Traction is likely the most crucial partof your entire pitch. Traction is all about validity. For those individuals in your audience that are well versed in your industry and what you are making, they can form their own opinions about the likelihood of success for your business. For everyone else in your audience, their opinions will be swayed by cold hard data.
If you say you’re planning on building X, talk about what you’ve already built, in what length of time. If you’ve launched a pilot or run demos, talk to how those went.
If you say that your target market will buy X, present the numbers: how many have already purchased, for how much, over what period of time?
If you haven’t sold anything or are more early stage, there are still plenty of other things you can mention. Talk about how many people put their name on your mailing list, downloaded your app, visited your website, registered, have come back week over week.
Anything you can show that emphasizes that you are the real deal and that real people want what you are offering should be laid out for your audience.
The traction you choose to highlight should be that which is most relevant to your business being a success.

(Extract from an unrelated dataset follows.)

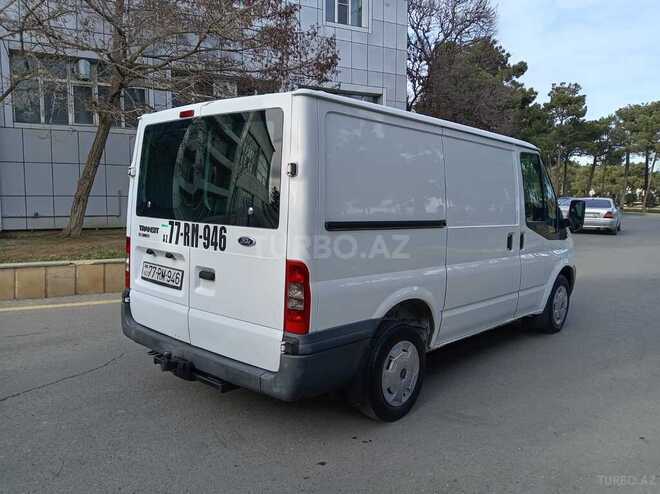 Ford Transit 2011, 246,000 km - 2.2 л - Bakı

If you’ve received press you should mention that as well, but press alone is not a positive justification for your business model. The number of users, retention, customer satisfaction; those metrics that are most relevant to your business should be at the front and centre of your pitch when covering traction.
You don’t need to go into the life story of each of your team members, but show that the skill-set of the people on your team matches the skill-set required to pull of the solution you are pitching. If you are pitching a software product and only have people with business experience on your team, maybe you don’t have the right team for the solution. Same thing goes for building a hardware product with no team members with engineering experience, or building a life sciences company with no one that has a bio-background. Your team and combined experience provides the legitimacy for whether you’re the right people to bring your solution to the world.

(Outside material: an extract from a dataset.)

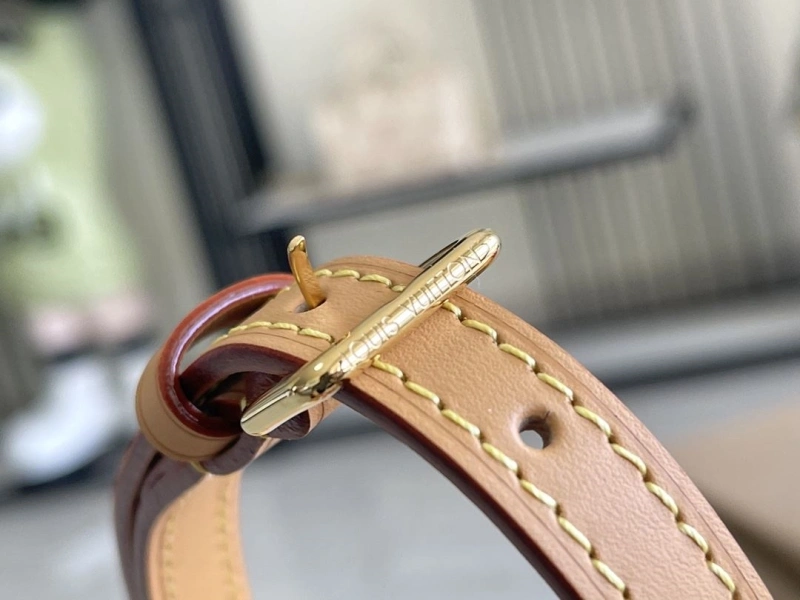 LV Top Handle Bags 4194A-0393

If there’s a mismatch between your team’s experience and your proposed solution, the only thing that can save you in that case is traction and what you’ve already built. Only in that case, because you’ve already built something that proves you can complete your solution regardless of your team’s expertise, your lack of experience becomes less of a red flag.

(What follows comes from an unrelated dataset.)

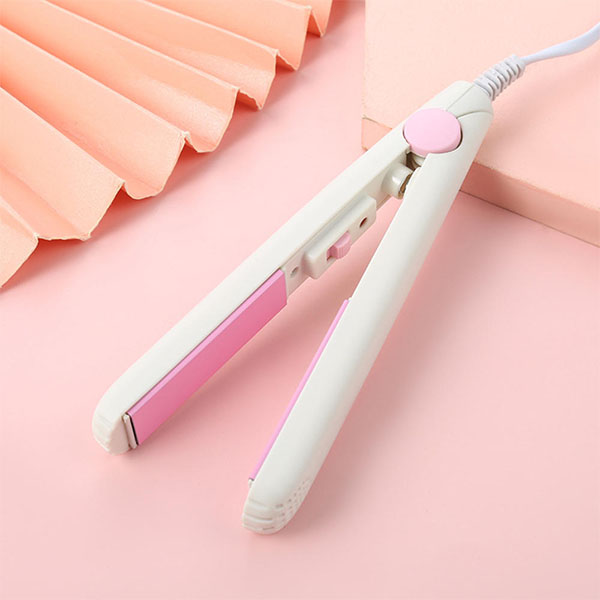 (Hot Sale - 49% OFF)Mini Hair Curler, Buy 2 VipShipping (Suitable for long and short hair)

You should also mention any mentors you have at this point, so long as your audience knows of or is explained the role and/or importance of those mentors to your team.
You’ve explained the problem. You’ve described your solution. You’ve explained how you’re better/faster/cheaper than the competition and pinpointed the size of your addressable market. You’ve talked about your team’s expertise and covered all of the traction you’ve had to date. Now that your audience is up to speed, it’s time to let them know what the next steps are. What it is that you’ll be doing, in both the near and more distant future, that your audience can cheer you on for.
In the near future, talk about any pilots you’re planning to run, Kickstarters you’re planning to launch or users you’re planning to onboard. Talk about partnerships you have in place, sales you will be closing, shipments you’ll be making or deployments you will be executing on.
Then, talk about what you plan for the company to achieve in the long run, whether that be a sales target or mission statement. End off on selling the dream. When all is said and done, your audience will be the ones choosing for themselves whether or not they want to climb aboard your rocketship of an idea.